Democracy Awakening: Notes on the State of America

By Heather Cox Richardson

Viking 304 pp.

By Jim Swearingen

Unparalleled. Unorthodox. Unprecedented. Uncharted waters.

A litany of tiresome adjectives for “novel” have turned cliche in describing the impolitic actions of Donald Trump and the once grand party that he has razed in his own image. It rests with the best of American historians to remind us otherwise. But for a few aberrant details, we have been here before, striving to realize the promises of liberty, equality, and opportunity for every American against the perpetual scheming of a repressive plutocracy.

In her new book, Democracy Awakening, Heather Cox Richardson tracks the Republican Party’s more than 60-year manipulation of images and language that has warped social reality, obfuscated factual argumentation, and slandered truthful accounts of current events. She documents an escalating assault on shared political experience that undermines any chance of compromise or agreement across party lines. Richardson nimbly ties the abuses of the Trump era to an anti-democratic –- read American fascist – tradition that stretches from antebellum Southern Democrats through abuses of power by Nixon, Reagan, and Mitch McConnell that helped undermine representative government.

The Boston College professor of history and “Now and Then” podcast co-host also compiles and organizes the most corrupt instances of Trump villainy into an uncomfortably familiar walk down his Macbethian nightmare alley, a delirium tremens of political ruination. The historical backdrop for this American brand of fascism is the opportunistic political schemes of legislators who have exercised disproportionate political power, far in excess of their numbers. 

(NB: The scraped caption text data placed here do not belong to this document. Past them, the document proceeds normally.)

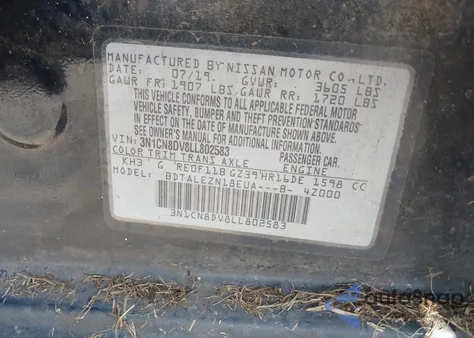 2020 Nissan Versa S Xtronic Cvt из США, поврежденный, VIN 3N1CN8DV8LL802583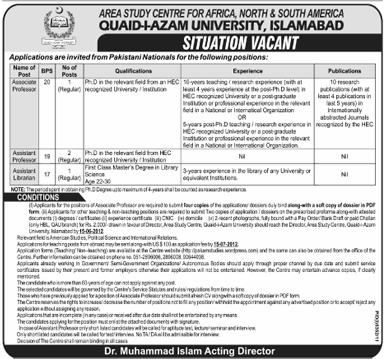 Professors Required at Qauid-e-Azam Univerity (QAU)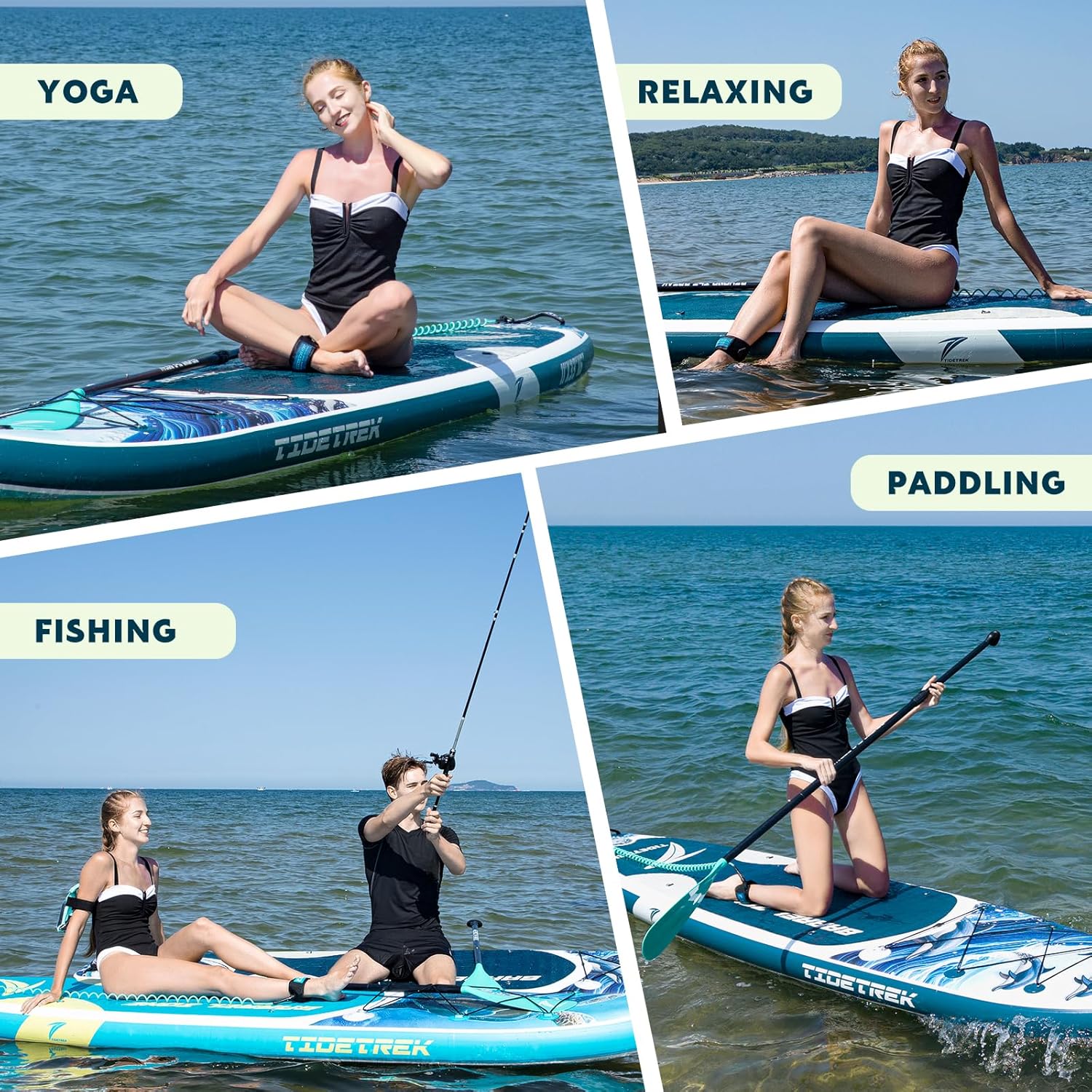 11'/11'6" x 33"/34" x 6" Inflatable SUP Paddle Board – Extra-Wide, Stable Stand Up Paddle Board with Premium Full Accessory Set for Adults & Youth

Though Richardson chose the more lofty title Democracy Awakening for her status report on the American political order, she might just as appropriately have titled it “The Same Old Serpent,” Abraham Lincoln’s metaphor for the continual, autocratic attempts to control common people whether by a feudal king, by the antebellum slaveholder class, or in more recent times, by industrialists and corporations. As she did in her 2014 history of the Republican Party, To Make Men Free, Richardson traces the historical conflict between the promises of equality and liberty embedded in the Declaration of Independence and the protection of private property embraced in the Constitution. For a new nation sustained in no small measure by chattel slavery, those two documents were destined to produce an ideological, and ultimately a military, clash.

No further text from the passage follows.